◆ **PROMPT**
With the pictures left out, retype exactly the lines below starting at the line that contains "This was really" and ending at the line that contains "Challenge number four".
[Start of Attachment]
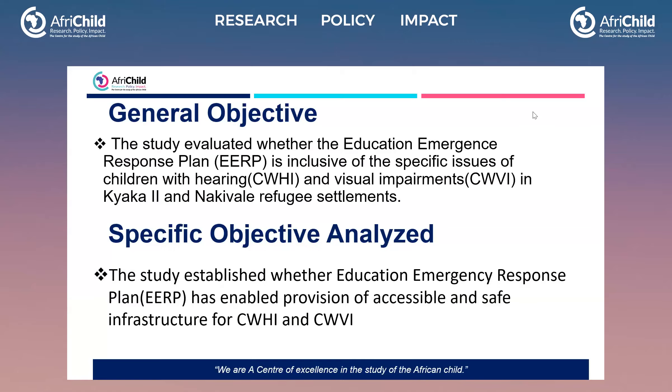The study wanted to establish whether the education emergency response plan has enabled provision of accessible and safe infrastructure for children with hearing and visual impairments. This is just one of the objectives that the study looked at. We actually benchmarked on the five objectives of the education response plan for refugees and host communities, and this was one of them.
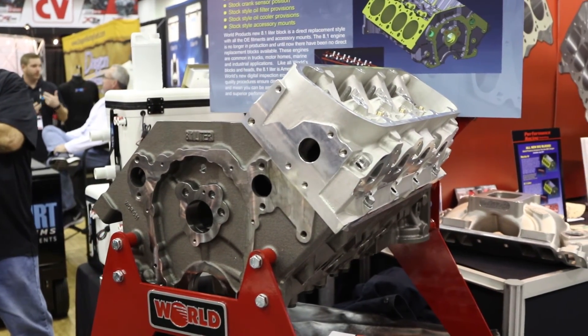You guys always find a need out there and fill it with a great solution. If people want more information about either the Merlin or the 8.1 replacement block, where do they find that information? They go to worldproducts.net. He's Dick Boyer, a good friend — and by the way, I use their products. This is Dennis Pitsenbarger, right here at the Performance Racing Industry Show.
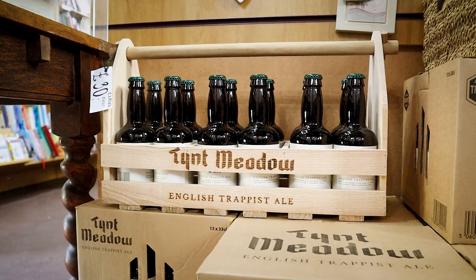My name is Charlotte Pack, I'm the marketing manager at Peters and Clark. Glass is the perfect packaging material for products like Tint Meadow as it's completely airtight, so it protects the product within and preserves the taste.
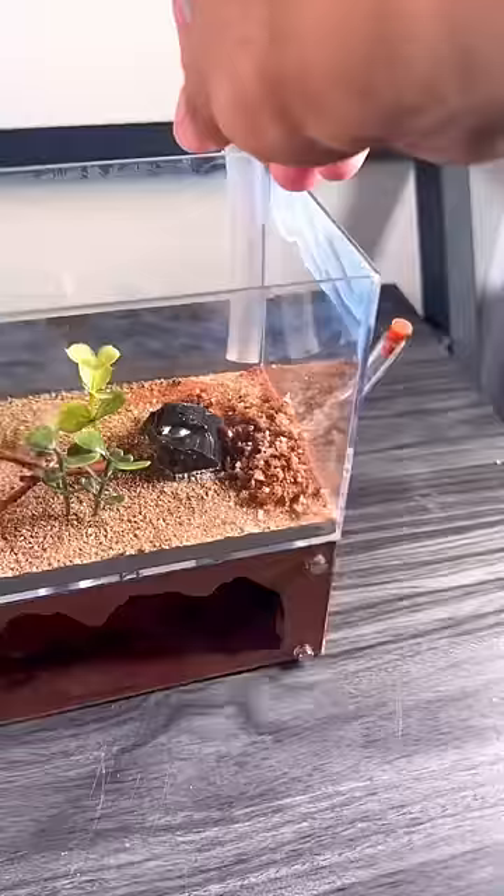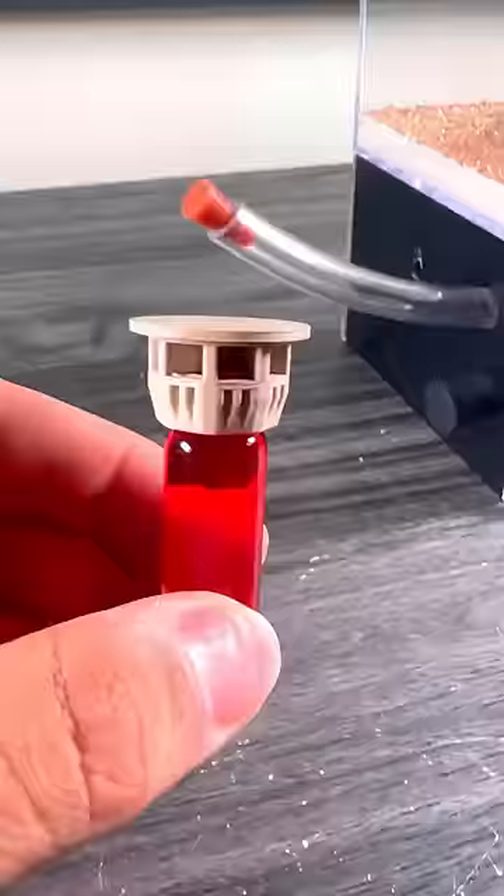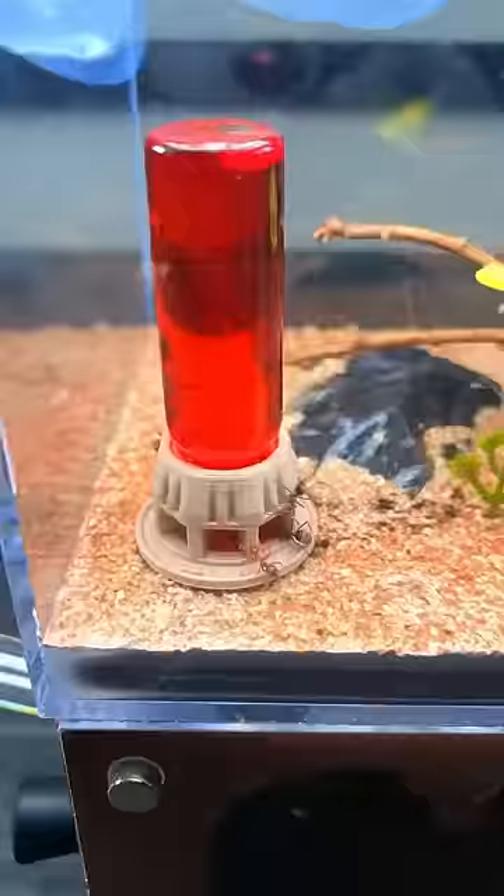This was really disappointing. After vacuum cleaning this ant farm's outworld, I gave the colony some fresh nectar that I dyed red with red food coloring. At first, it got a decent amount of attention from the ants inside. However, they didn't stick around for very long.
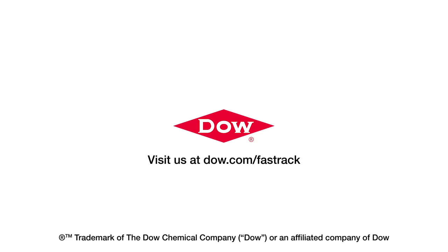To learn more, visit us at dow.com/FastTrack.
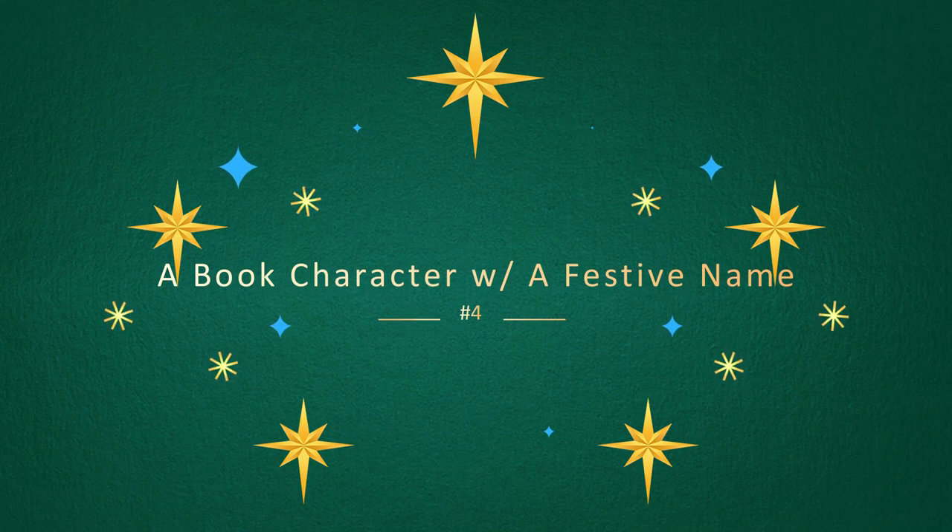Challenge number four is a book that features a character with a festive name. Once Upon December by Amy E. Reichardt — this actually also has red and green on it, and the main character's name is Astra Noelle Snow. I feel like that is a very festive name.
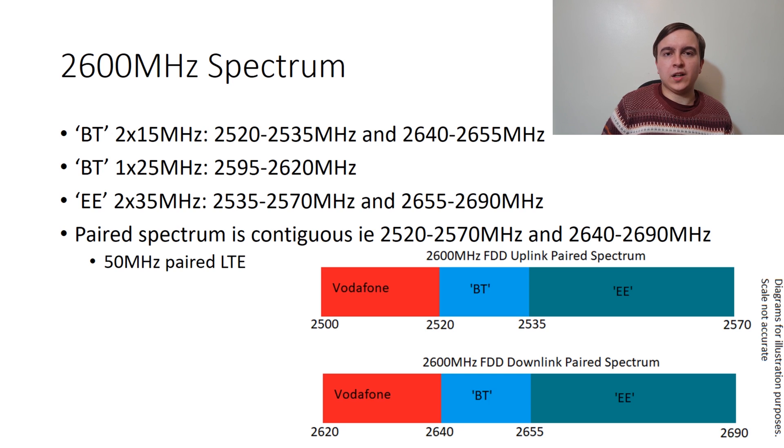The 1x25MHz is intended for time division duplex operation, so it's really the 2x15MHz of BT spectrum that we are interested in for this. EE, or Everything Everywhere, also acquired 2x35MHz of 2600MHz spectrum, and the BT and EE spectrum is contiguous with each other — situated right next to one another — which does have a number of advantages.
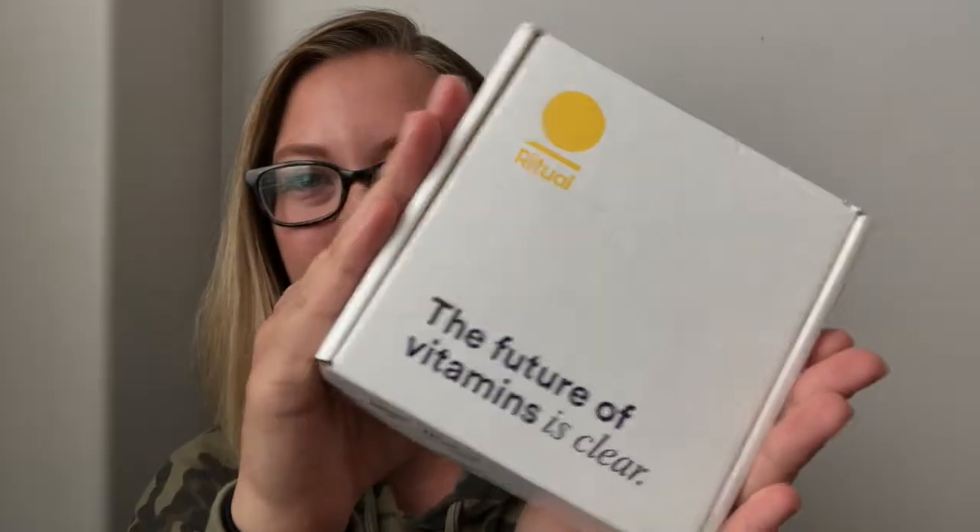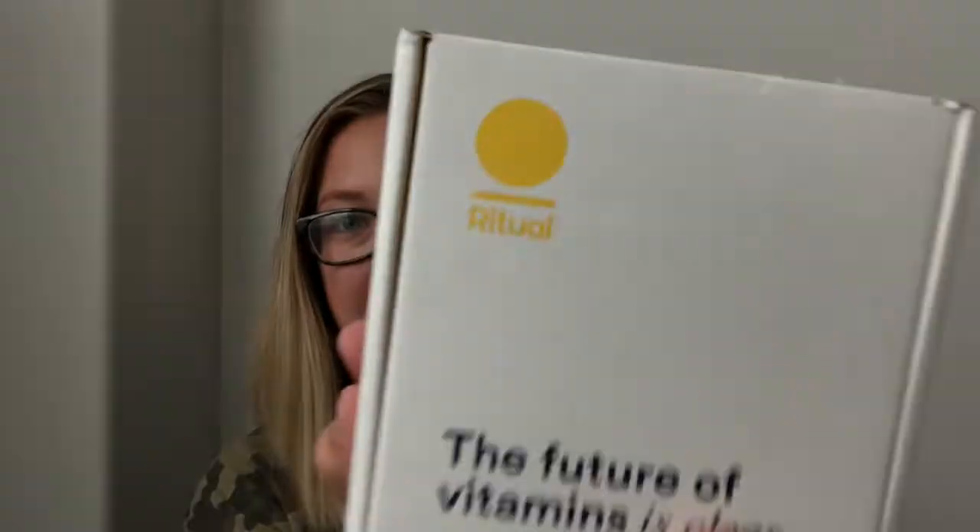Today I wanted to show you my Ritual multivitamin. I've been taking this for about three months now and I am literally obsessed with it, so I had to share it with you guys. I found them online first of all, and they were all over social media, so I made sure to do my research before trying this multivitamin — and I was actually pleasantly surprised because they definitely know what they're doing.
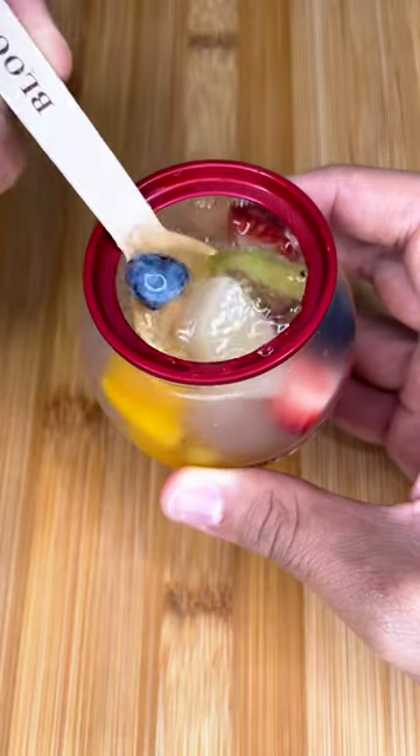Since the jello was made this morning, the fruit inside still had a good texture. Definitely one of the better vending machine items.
[End of Attachment]
◆ **RESULT BELOW**
This was really disappointing. After vacuum cleaning this ant farm's outworld, I gave the colony some fresh nectar that I dyed red with red food coloring. At first, it got a decent amount of attention from the ants inside. However, they didn't stick around for very long.
To learn more, visit us at dow.com/FastTrack.
Challenge number four is a book that features a character with a festive name. Once Upon December by Amy E. Reichardt — this actually also has red and green on it, and the main character's name is Astra Noelle Snow. I feel like that is a very festive name.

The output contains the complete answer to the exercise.